Genetic testing provider 23andMe confirmed that hackers stole health reports and raw genotype data of customers affected by a credential stuffing attack that went unnoticed for five months, from April 29 to September 27.
The credentials used by the attackers to breach the customers’ accounts were stolen in other data breaches or used on previously compromised online platforms.
As the genomics and biotechnology company disclosed in data breach notification letters sent to those impacted in the incident, some of the stolen data was posted on the BreachForums hacking forum and the unofficial 23andMe subreddit site.
“Our investigation determined the threat actor downloaded or accessed your uninterrupted raw genotype data, and may have accessed other sensitive information in your account, such as certain health reports derived from the processing of your genetic information, including health-predisposition reports, wellness reports, and carrier status reports,” 23andMe revealed.
“To the extent your account contained such information, the threat actor may have also accessed self-reported health condition information, and information in your settings.”
For customers who also used 23andMe’s DNA Relatives feature, it is possible that the attackers also scraped their DNA Relatives and Family Tree profile information.

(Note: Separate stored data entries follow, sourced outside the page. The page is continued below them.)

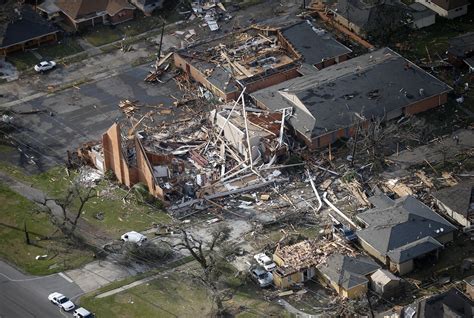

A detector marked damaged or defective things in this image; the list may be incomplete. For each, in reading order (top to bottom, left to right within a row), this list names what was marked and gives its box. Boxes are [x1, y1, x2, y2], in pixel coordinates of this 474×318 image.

damaged house [172, 21, 350, 100]
damaged house [250, 47, 450, 149]
damaged house [356, 193, 456, 274] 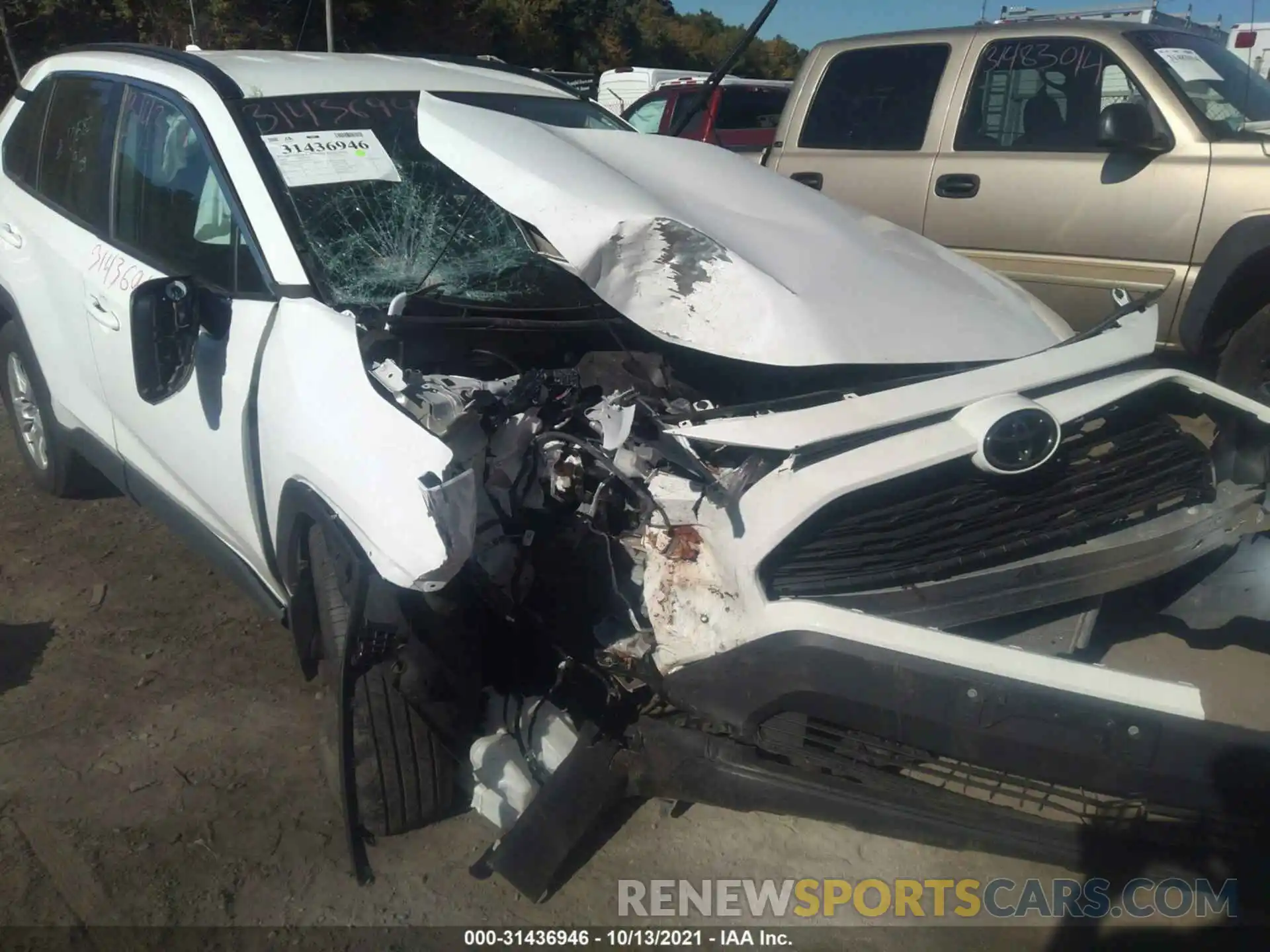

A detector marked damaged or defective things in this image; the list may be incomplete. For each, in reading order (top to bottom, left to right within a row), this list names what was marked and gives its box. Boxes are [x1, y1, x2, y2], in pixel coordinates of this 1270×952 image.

shattered windshield [242, 91, 599, 307]
torn metal panel [416, 93, 1072, 368]
crumpled hood [416, 95, 1072, 368]
shattered windshield [1138, 32, 1270, 138] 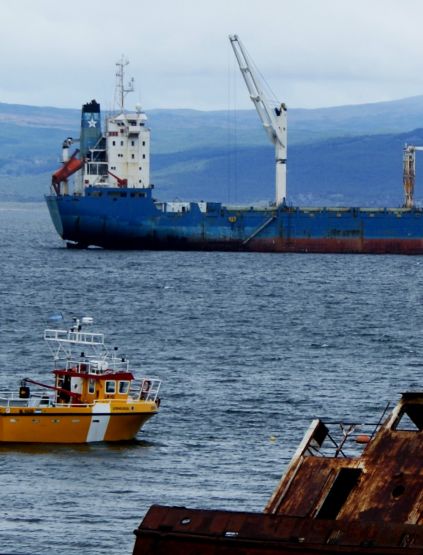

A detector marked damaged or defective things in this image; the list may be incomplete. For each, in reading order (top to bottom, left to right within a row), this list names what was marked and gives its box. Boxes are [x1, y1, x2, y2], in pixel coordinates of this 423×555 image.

corroded metal hull [46, 188, 423, 255]
rusty shipwreck [133, 394, 423, 552] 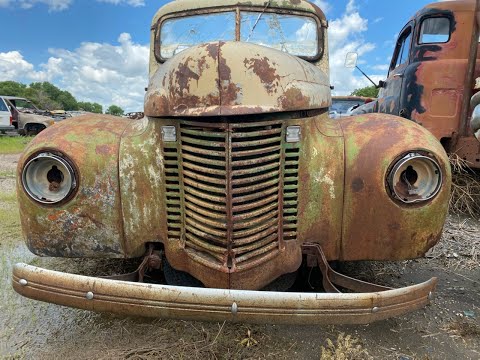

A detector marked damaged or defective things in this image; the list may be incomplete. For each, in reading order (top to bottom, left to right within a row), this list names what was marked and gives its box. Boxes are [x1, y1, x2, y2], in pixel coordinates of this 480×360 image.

corroded hood [142, 41, 330, 116]
rusty old truck [356, 0, 480, 165] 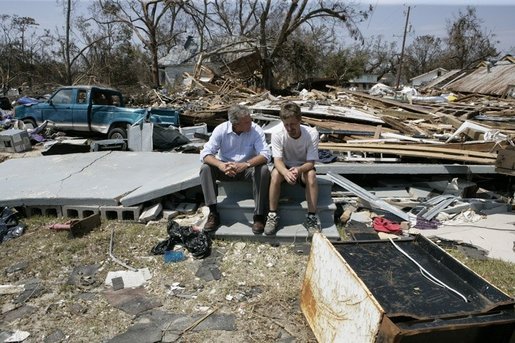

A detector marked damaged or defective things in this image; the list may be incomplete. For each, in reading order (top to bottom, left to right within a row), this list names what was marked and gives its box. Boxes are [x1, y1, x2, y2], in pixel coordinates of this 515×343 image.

broken concrete slab [0, 153, 201, 207]
splintered lumber [320, 142, 498, 165]
broken furniture piece [302, 234, 515, 343]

They may have also gained visibility to affected customers’ following information if shared via the DNA Relatives feature:
- Ancestry reports and matching DNA segments (specifically where on your chromosomes you and your relative had matching DNA),
- Self-reported location (city/zip code),
- Ancestor birth locations and family names,
- Profile picture, birth year, and anything else included in their profile’s “Introduce yourself” section
23andMe told BleepingComputer in December that the hackers downloaded the data of 6.9 million people of the existing 14 million customers after breaching around 14,000 user accounts.
5.5 million individuals had their data scraped through the DNA Relatives feature and 1.4 million via the Family Tree feature.

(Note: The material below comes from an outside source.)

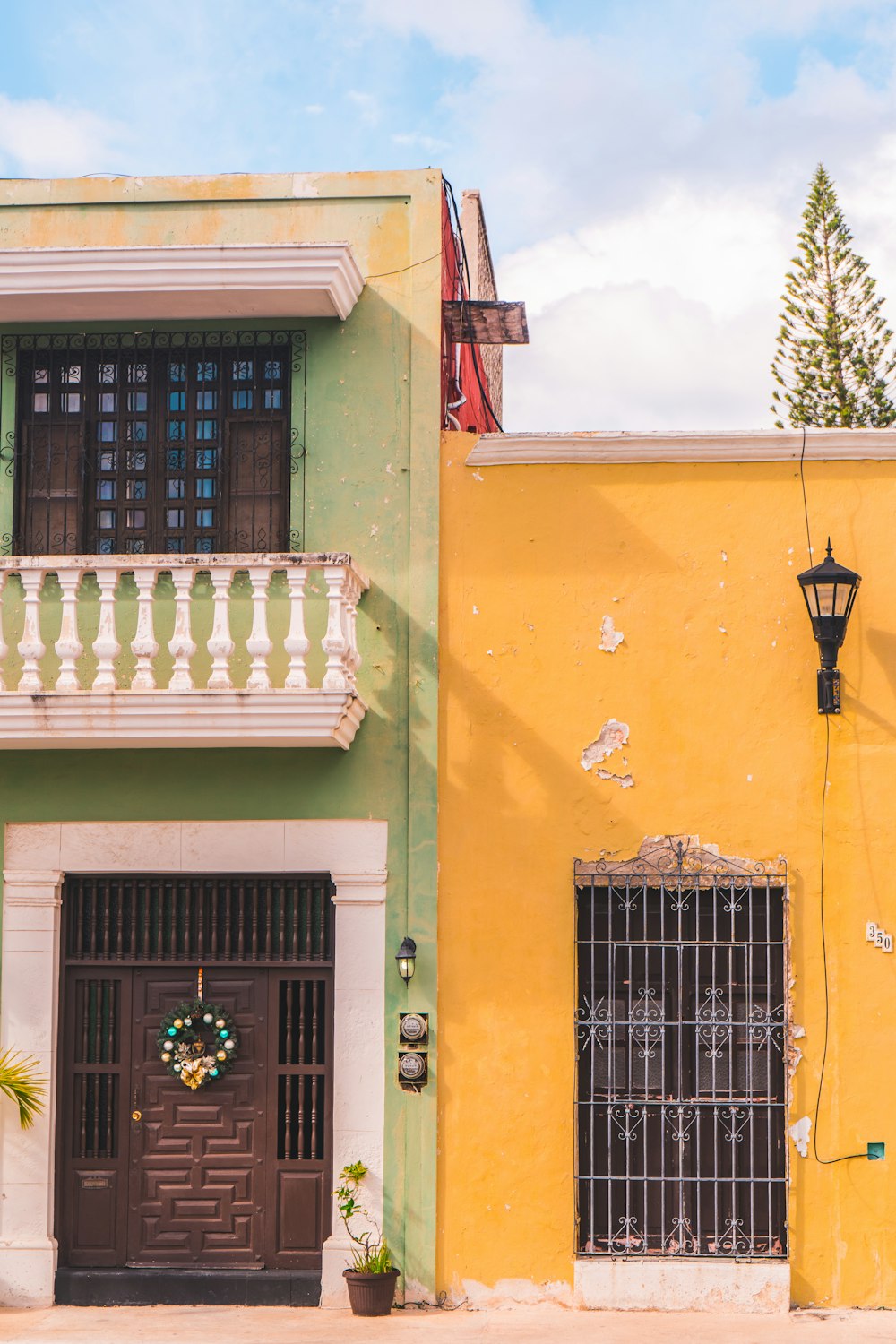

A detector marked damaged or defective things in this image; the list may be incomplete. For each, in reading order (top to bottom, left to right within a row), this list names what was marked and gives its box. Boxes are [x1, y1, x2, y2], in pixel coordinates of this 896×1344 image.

peeling paint [602, 620, 624, 656]
peeling paint [581, 720, 631, 774]
peeling paint [792, 1118, 814, 1161]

On October 10, roughly one week after detecting the attack, 23andMe started requiring all customers to reset their passwords.
Since November 6, all new and existing customers must use two-factor authentication when logging into their accounts to block future credential-stuffing attempts.
“To the fullest extent allowed by applicable law, you and we agree that each party may bring disputes against the other party only in an individual capacity, and not as a class action or collective action or class arbitration,” reads one of the updates.
However, 23andMe said these changes were added to make the arbitration process more efficient and easier for customers to understand.